Сценой была часть столовой, где обслуживали начальство, когда оно приезжало. Там вместо потолка и крыши — высокий стеклянный фонарь; вечерами, налитый светом, он светил, как маяк. Раздвинулся занавес, в глубине блестел какой-то никелированный снаряд. Погас свет в зале, ярко вспыхнул в той половине, тревожно забил барабан, массовик, стоя под перекладиной, легко взлетел, повис с оттянутыми носками и закрутился солнышком, то двумя руками держась, то одной, то вдруг белые трико пролетали под перекладиной, и руки выворачивались в суставах, и вновь, и вновь. Дробь барабана быстрей, страшней, громче, и, будто кинутый вверх перекладиной, прогибавшейся под его тяжестью, он взлетел, крутясь через голову и по оси. Изабелла закрыла глаза ладонями: от страха, от жалости, от стыда за него. Удар — и, как впечатанный в пол ступнями, он стоял, приветственно подняв руки. Весь из мускулов, он блестел, как маслом облитый.
Потом он провожал ее, прогуливались по шуршащему гравию в свете редких фонарей. И сейчас, в куртке на молнии, в спортивных брюках с белыми кантами, невысокий и даже как будто узкоплечий, с уже наметившимися залысинами, это был совсем другой человек. Она знала, что из цирка ему пришлось уйти из-за какой-то травмы, а еще из-за того, что жена, которую он очень любил, тоже циркачка, наездница, умерла родами, оставив ему близнецов: мальчика и девочку. У циркачек, говорил он, роды нередко бывают неудачными, некоторые даже предпочитают брать младенцев, брошенных родителями, воспитывают их. Так что есть цирковые семьи, он не будет называть их, это не совсем семьи.

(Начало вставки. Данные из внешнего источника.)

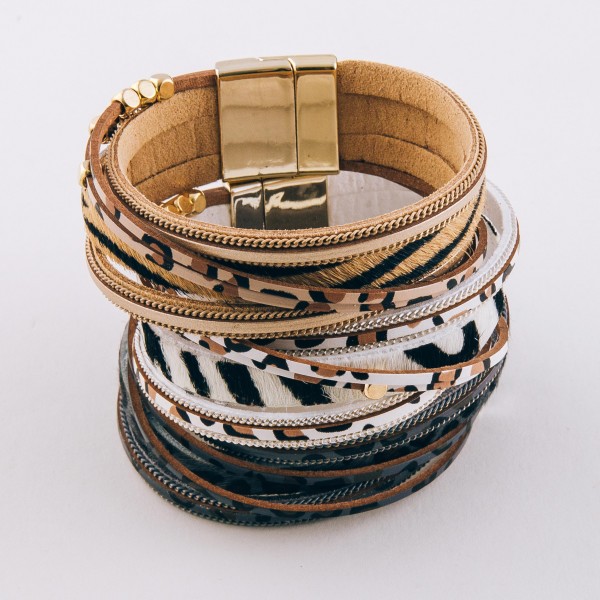 Faux leather multi strand animal print magnetic bracelet with gold bead accents.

Оставшись с двойняшками на руках, он потерялся, хорошо, теща забрала их в деревню, отпаивала разбавленным коровьим молоком, овсяным отваром, и вот — тьфу, тьфу! — дети растут, и он мечтает найти добросердечную женщину, которая полюбила бы их, как своих. Прост он был, как дитя, и уже непрошеная жалость к этим малюткам покинутым вползала в сердце.
Тяжело топая ботинками, пробежали двое солдат в камуфляже, в точно таких, как у того офицера, кепках. Один нес в руке деревянный ящичек цвета хаки, другой был в наушниках и с антенной. А она, если бы даже захотела спросить, ни имени, ни фамилии его не знала, и кто он — лейтенант, капитан, майор? — как-то не догадалась глянуть на погоны, а может, ничего на них и не было.
— Какие у вас красивые глаза! — сказал массовик. — Такое в них сейчас выражение...
— Это вечер хороший, Игорь Петрович. Море, звезды, цикады южные...
— Да нет еще никаких цикад. Холодно. Вы просто себя недооцениваете.
А она подумала, где-то она это читала — когда нечего похвалить, женщине говорят: какие у вас красивые глаза.
Опять, как в прошлые вечера, он стал подробно рассказывать о своих обстоятельствах, то и дело поправляя себя в ничего не значащих мелочах: «Нет, вру!» Он устроился на сезон в этот санаторий, это счастье по нынешним временам: еда, жилье — все бесплатное, а деньги он отсылает теще.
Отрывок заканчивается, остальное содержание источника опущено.